Energy is not conserved. But you can calculate the KE since you'll have the speeds.

 

[maniacp08]

Momentum is always conserved.

so mass of bullet * V(unknown) is the momentum.

So I should use the conservation of energy equation...
Change in KE + change in PE = 0
Ki would be 1/2 mv^2
kf would be 0
Ui would be 0
Uf would be mgh or mgH?

Im not sure if this is the right approach...please guide.

 

[Doc Al]

Momentum is always conserved.

so mass of bullet * V(unknown) is the momentum.

You'll need that for part B.

So I should use the conservation of energy equation...
Change in KE + change in PE = 0
Ki would be 1/2 mv^2
kf would be 0
Ui would be 0
Uf would be mgh or mgH?

You could certainly use this approach (or kinematics) to solve for the speeds in part A.

 

[maniacp08]

Shouldn't the momentum of the bullet be
(m+M) * V?

Change in KE + change in PE = 0
So I have -Ki + Uf = 0
-1/2(m+M)V^2 + _____ is the Uf when the bullet breaks free from the plywood or Uf is before the bullet breaks free from the plywood while still stuck together? (m+M)gH or mgh?
Is this answer to Part A?

Then I solve for V.
and plug this into the momentum equation?

Since I have V, so I calculate the KE initial and KE final and the difference is dissipated from the collision?

 

[Doc Al]

Shouldn't the momentum of the bullet be
(m+M) * V?

The momentum of anything is mass*velocity.

Change in KE + change in PE = 0
So I have -Ki + Uf = 0
-1/2(m+M)V^2 + _____ is the Uf when the bullet breaks free from the plywood or Uf is before the bullet breaks free from the plywood while still stuck together? (m+M)gH or mgh?
Is this answer to Part A?

Part A has to do with speeds immediately after the collision. Treat bullet and board separately. There's no reason to use "m+M". (This is a partially inelastic collision--the masses don't stick together.)

Then I solve for V.
and plug this into the momentum equation?

Once you've found the speeds of bullet and board after the collision, use momentum conservation to find the speed of the bullet before the collision.

Since I have V, so I calculate the KE initial and KE final and the difference is dissipated from the collision?

Yes. Once you have all the speeds, just calculate the KE before and after.

 

[maniacp08]

So I should do the conservation of energy on bullet and board separately.

For the bullet:
Ui = 0
Uf = mgh
Ki = 1/2 mVi^2
Kf = 0 or should be 1/2 m Vf^2?

For plywood
Ui = 0
Uf = MgH
Ki = 0
Kf = 1/2M Vf^2

Solve for Vf for the plywood?

 

[Doc Al]

So I should do the conservation of energy on bullet and board separately.

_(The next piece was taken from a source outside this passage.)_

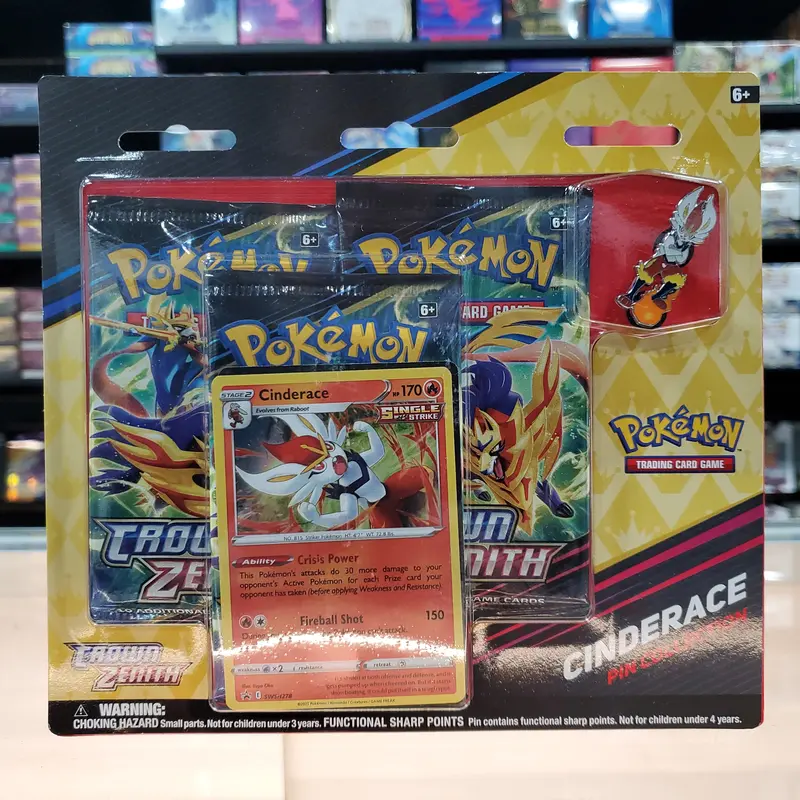 Pokémon Tcg: Sword & Shield: Crown Zenith - Pin Collection (Cinderace) 1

Yes, in order to solve for the speeds of bullet and board after the collision. When doing that calculation, the final speed of each is zero.

For the bullet:
Ui = 0
Uf = mgh
Ki = 1/2 mVi^2
Kf = 0 or should be 1/2 m Vf^2?

You are finding the speed of the bullet (after the collision). The final speed, when it's risen to height h, is zero.

For plywood
Ui = 0
Uf = MgH
Ki = 0
Kf = 1/2M Vf^2

Solve for Vf for the plywood?

No. Again you are solving for the speed of the plywood immediately after the collision, so the final speed is zero.

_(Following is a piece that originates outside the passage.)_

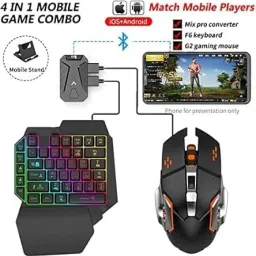 EXtreme Bluetooth Gaming Keyboard Mouse Convertor For Smartphone 4 in 1 Combo 64 GB with All Games-13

Note that here you are not really analyzing the collision at all. (That comes later.) You are analyzing the speeds after the collision. Using the height they each rise to, you can calculate the speeds they must have had right after the collision.

 

[maniacp08]

So for the bullet after the collision is
Ui = 0 and Kf = 0
-1/2 m * Vi^2 = mgh
Vi = root of 2gh

The plywood after the collision is
Ui = 0 and Kf = 0
-1/2 M * Vi^2 = MgH
Vi = root of 2gH

So now I should use conservation of momentum to find the speed before the collision?
p = mass * velocity

momentum for the bullet is
p = m * root of 2gh?

momentum for the plywood is
p = m * root of 2gH?

For Part C:
1/2 m * Vi(bullet)^2 + 1/2 M * Vi(plywood)^2 = KE initial
Using the V from part A?
1/2 m * Vf(bullet)^2 + 1/2 M * Vf(plywood)^2 = KE final
Using the V from Part B?

 

[Doc Al]

So for the bullet after the collision is
Ui = 0 and Kf = 0
-1/2 m * Vi^2 = mgh
Vi = root of 2gh

The plywood after the collision is
Ui = 0 and Kf = 0
-1/2 M * Vi^2 = MgH
Vi = root of 2gH

Good.

So now I should use conservation of momentum to find the speed before the collision?
p = mass * velocity

momentum for the bullet is
p = m * root of 2gh?

momentum for the plywood is
p = m * root of 2gH?

Set the initial momentum of the bullet equal to the final momentum of bullet and board. Use that to solve for the speed of the bullet before the collision.

For Part C:
1/2 m * Vi(bullet)^2 + 1/2 M * Vi(plywood)^2 = KE initial
Using the V from part A?
1/2 m * Vf(bullet)^2 + 1/2 M * Vf(plywood)^2 = KE final
Using the V from Part B?

The speeds from part A will allow you to calculate the KE after the collision; The speed from part B will allow you to calculate the KE before the collision.

 

[maniacp08]

Set the initial momentum of the bullet equal to the final momentum of bullet and board. Use that to solve for the speed of the bullet before the collision.

m*Vi(bullet) = (m+M)*Vf
plug in Vi as root of 2gh
and solve for Vf?

This Vf will go into the Vf for bullet and plywood for Part C
1/2 m * Vf(bullet)^2 + 1/2 M * Vf(plywood)^2 = KE final
correct?

If this is correct, Thanks again Doc for helping! =]

 

[Doc Al]

m*Vi(bullet) = (m+M)*Vf

No. As I said earlier, the bullet and board do not stick together so there's no reason to use "m+M". Bullet and board have different speeds after the collision--you found those speeds in part A.

plug in Vi as root of 2gh
and solve for Vf?

When analyzing the collision (in part B) you are solving for the initial speed (just before the collision). You already have the final speeds (just after the collision)--they were calculated in part A.

 

[maniacp08]

oooh, and Doh! I feel dumb.
m*Vi(bullet) = m*root of 2gh + M*root of 2gH
Solve for Vi(bullet)
That's for Part B

And For part C is easy since I know the the speed of bullet before and after collision.
1/2 m * Vi(bullet)^2 + 1/2 M * Vi(plywood)^2 = KE initial
Vi(plywood) = 0
Vi(bullet) from part B

1/2 m * Vf(bullet)^2 + 1/2 M * Vf(plywood)^2 = KE final
Vf(bullet) = root of 2gh and Vf(plywood) = root of 2gH

Thanks for your help, most importantly your patience!

 

[Doc Al]

Now you've got it. (And you are welcome.)